As for the press, the Sussexes have good reason to be angry and wary of “news” that has run from the fanciful to the offensive. After Harry and Meghan’s son was born, a BBC radio host was fired for tweeting “Royal baby leaves hospital” above a black-and-white 1920s photo of a baby chimp holding hands with a human couple. Harry has sued a couple of tabloids over alleged phone hacking, and the couple found themselves accused of photoshopping their own Christmas card.
But it’s unreasonable to expect that tabloid bile and social media snark will diminish with their self-demotion. To the contrary: “Harry and Meghan Bail on Brit for Colonies!” creates a brand-new story line in a new setting, which any producer will tell you is worth at least a couple of extra seasons on even the longest-running show.
Anyway, if the couple stops showing up to be photographed at official events, then the scrummage for any photos and news nuggets of them in their new unofficial lives will be even wilder.

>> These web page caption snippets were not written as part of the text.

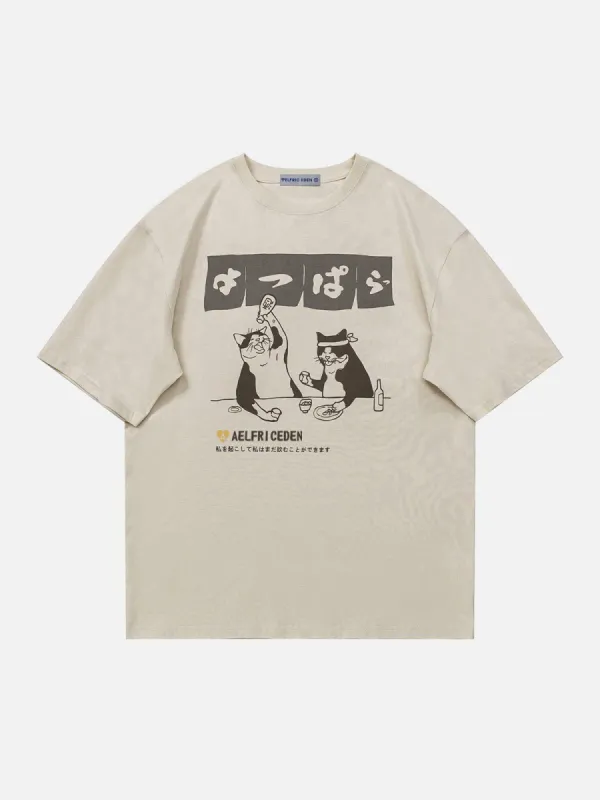 Aelfric Eden The Cat After Work Graphic Tee sold by Aelfric Eden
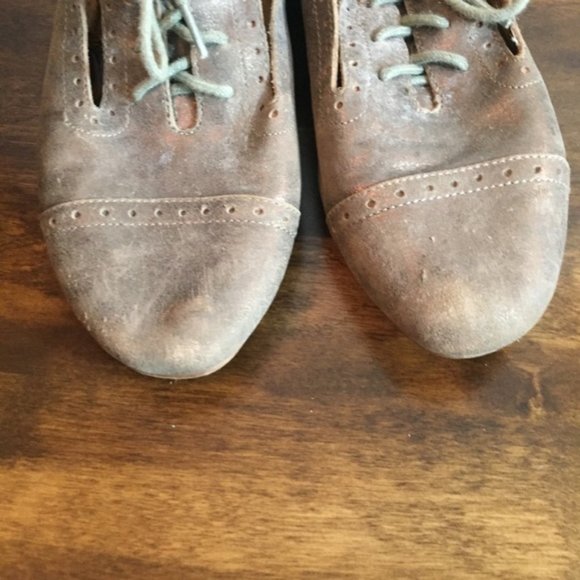 Fossil Flats Lace Up Loafers 6.5 - Picture 8 of 8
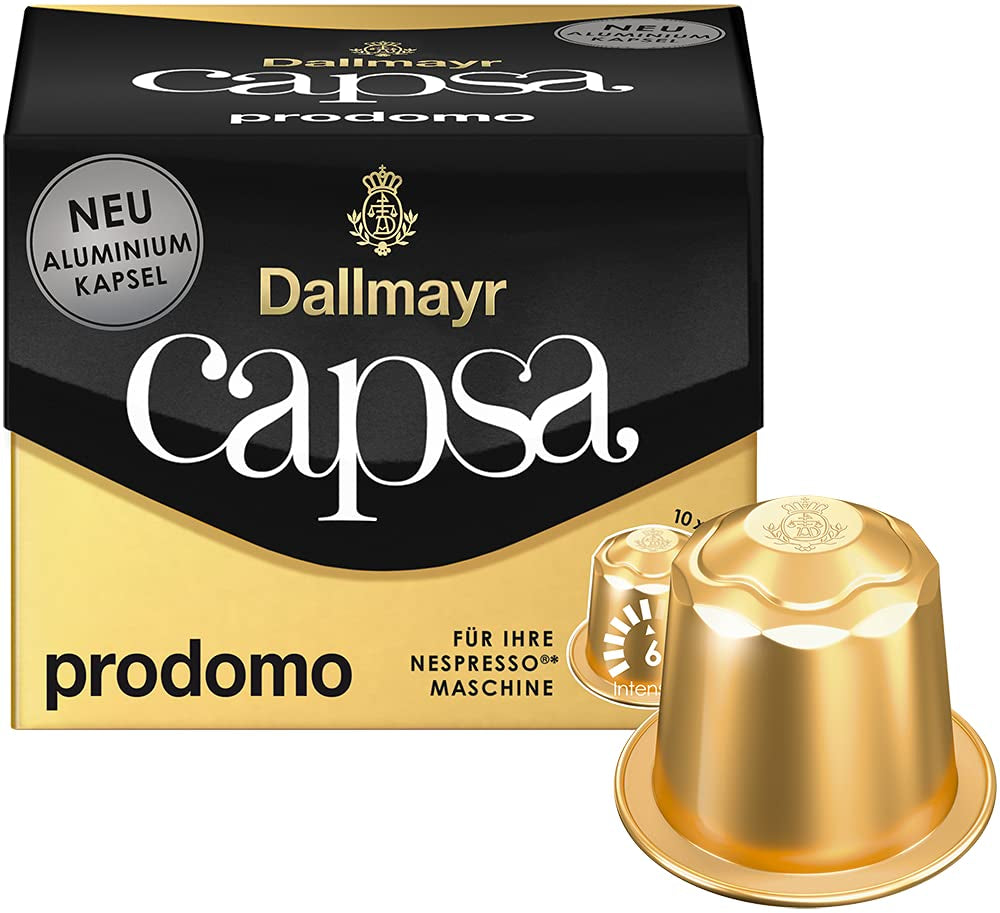 Capsa Lungo Belluno XXL, 39 Nespresso kompatible Kapseln, 1er Pack (1 x 218 g) & Capsa prodomo, 56g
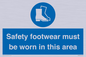 MP7842: Safety footwear must be worn in this area
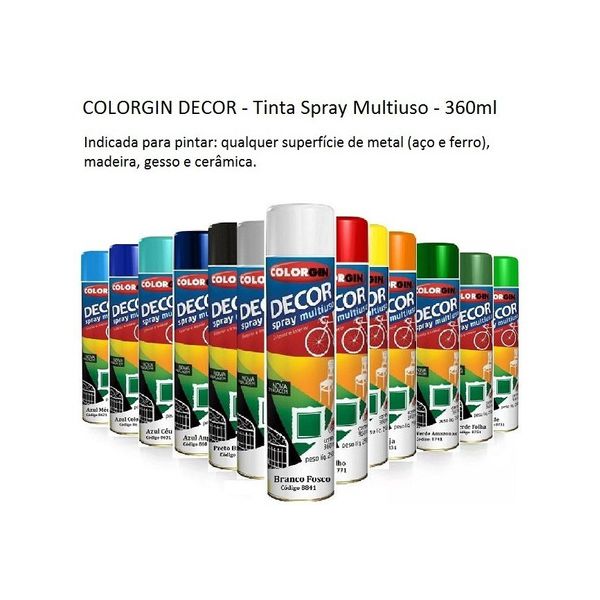 Tinta Spray COLORGIN DECOR 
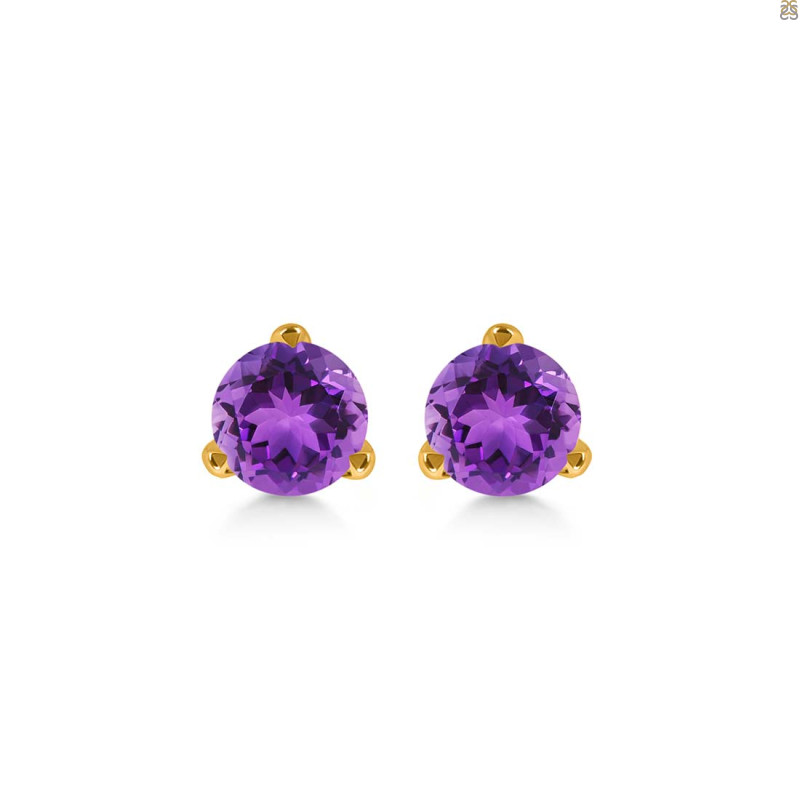 Amethyst Stud Earring AMT-RDE-1567.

As for that plan for financial independence — well, there’s a reason royals don’t and shouldn’t try to punch a clock. Even earning an honest buck may look like it involves flaunting royal influence. Remember the embarrassing episode involving the queen’s daughter-in-law Sophie. The countess of Wessex delivered intemperate remarks during a secretly tape-recorded meeting with a reporter who was posing as an Arab sheik who wanted to sign on with Sophie’s PR firm. It was one illustration of how “working royal” didn’t work out well.
Buckingham Palace is going with the stiffest of upper lips, managing to get out these words: “We understand their desire to take a different approach, but these are complicated issues that will take time to work through.”
Things move faster in this country, though, and we’ll know the outcome of this royal bust-up pretty quickly: if the next Disney princess is called “Frozen Out.”